Мейерхольд был практическим человеком театра, навсегда признавшим власть условности, но пиетета перед той или иной исторически сложившейся условностью у него не было. Монолог, например, казался ему устарелой формой, и еще в «Доходном месте» он пытался преодолеть его косность. В «Ревизоре» он решился дать гоголевским персонажам собеседников, чтобы избежать монологов. Из зрительного зала все эти «немые» фигуры, отысканные где-то в закоулках сочинений Гоголя или даже между строк текста, смотрелись двойниками, отражениями, карикатурами героев. Чтобы освободить громаду гоголевского текста от отягчающего груза переходов по сценической площадке, Мейерхольд воспользовался вновь народившейся условностью «крупного плана» кино. В развитие идей «Бубуса» он еще более ограничил игровую площадку: изобрел движущиеся фурки, на малом пространстве которых разместил все эпизоды «Ревизора». Из зрительного зала эта своеобразная техника выездных площадок на фоне глухого полукружия полированных дверей красного дерева и нависающего над ними грязно-зеленого суконного свода приобретала символические очертания: «Обстание, фон, сценка — весь Гоголь, соединяющий вкатную сценку быта, освещенную мороком фона на ночи России», — как напишет потом Андрей Белый[64]

Можно разглядеть частные, почти житейские мотивы и в решении главных фигур спектакля. Хлестаков только что был сыгран незабываемо Михаилом Чеховым, и тягаться с ним вряд ли кто мог во всей России, а в ТИМе его должен был играть совсем молодой Эраст Гарин, только что отличившийся в «Мандате». Надо было помочь актеру режиссерски. Мейерхольд обратился в поисках мотивов к «Игрокам» — весь Гоголь постепенно втягивался в орбиту спектакля — и сделал его чем-то вроде шулера, обдумывающего возможную аферу. Хлестаков дробился и распадался на ракурсы, как на кубистическом портрете.

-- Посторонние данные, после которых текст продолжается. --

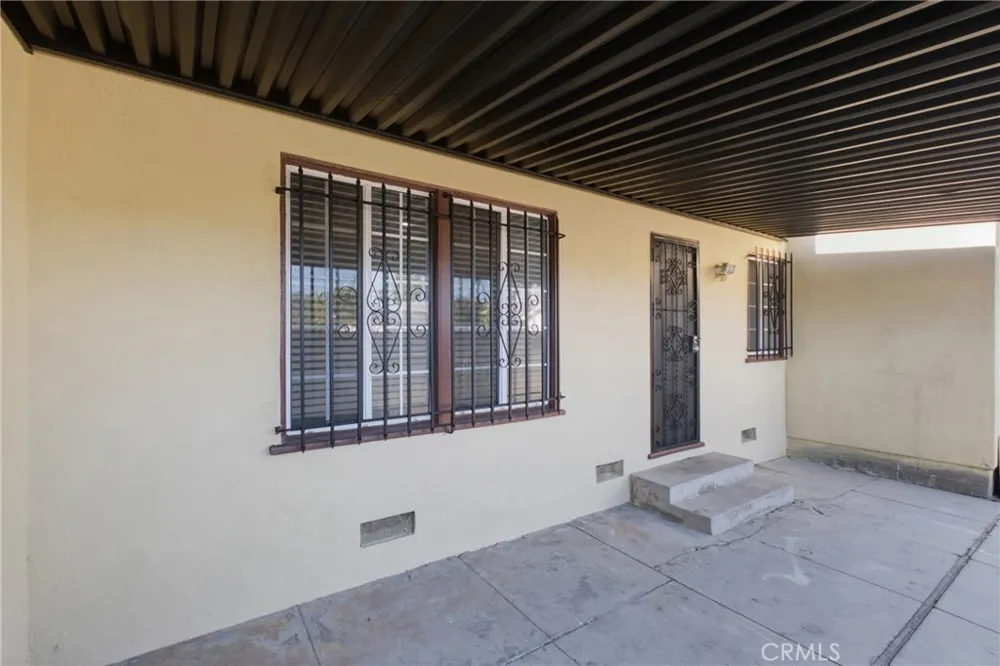 3892 Cherrywood Avenue Leimert Park, CA 90008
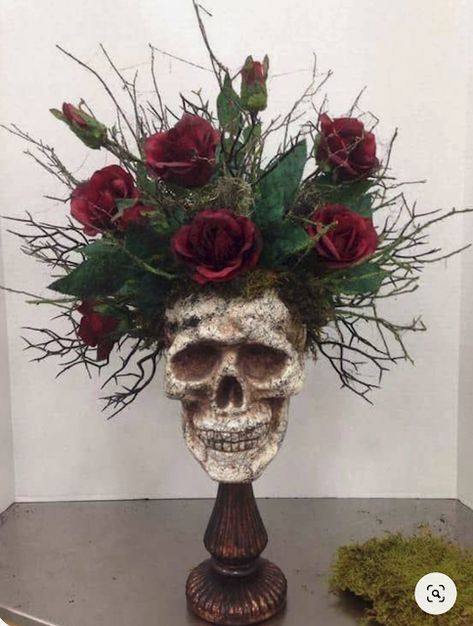 Classy Skull Decor, Diy Gothic Centerpieces, Halloween Skull Flower Arrangement, Year Round Halloween Home Decor, Skull Flower Arrangements, Skull Floral Arrangement, Spooky Flower Arrangements, Salal Leaves, Halloween Flower Arrangements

Наконец, стремление выдвинуть Райх в центр спектакля способствовало преображению провинции в столицу, решению «найти скотинство в изящном облике брюлловской натуры»[65]. Понадобилось вспомнить и «Мертвые души» с пышным цветником губернских дам, увивающихся вокруг Чичикова, и тайный ужас Гоголя перед суетным женским соблазном. Захолустье приобретало петербургский, столичный пошиб, разрастаясь до николаевской России, да, пожалуй, и побольше: до общечеловеческих страстей.

Разумеется, все это были лишь частные поводы для могучей фантазии Мейерхольда, для выражения подспудной трагедийности его мироощущения.

Из решения суммы технологических задач восставала громада — видение мейерхольдовского «Ревизора» — смешной и мучительный трагифарс российской судьбы.

Театр — искусство грубое, в закулисных соображениях его гораздо больше простой технологии, чем может показаться; немало и пошло-житейского отлагается в нем. Но не так ли груба и сама жизнь, где часто поводы случайные и незначащие запускают механизм событий исторических? Так и театр — из утилитарных нужд, из домашних обстоятельств, а на самом деле из жизненного опыта своих творцов, из потребностей времени, из опыта исторического силой {87} таланта он творит свои чудеса. «Боже, как грустна наша Россия!» — Мейерхольд пестовал это пушкинское восклицание, вырвавшееся после чтения «Мертвых душ» Гоголем. Со времен «Маскарада», завершившего собою судьбу императорской России, он не создавал ничего столь объемлющего, обдуманного и личного, как «Ревизор».

Поистине он мог называться «автором спектакля», как будет написано в программе: «проект вещественного оформления, mise en scиne, биографии персонажей, построение новых фигур, речь, акцентировки, ритм, размещение музыкального материала, свет, немая сцена» — все было извлечено им из громадной фантазии и опыта, который не мог уже создать зрелища столь безмятежного, как «Великодушный рогоносец» 1922 года.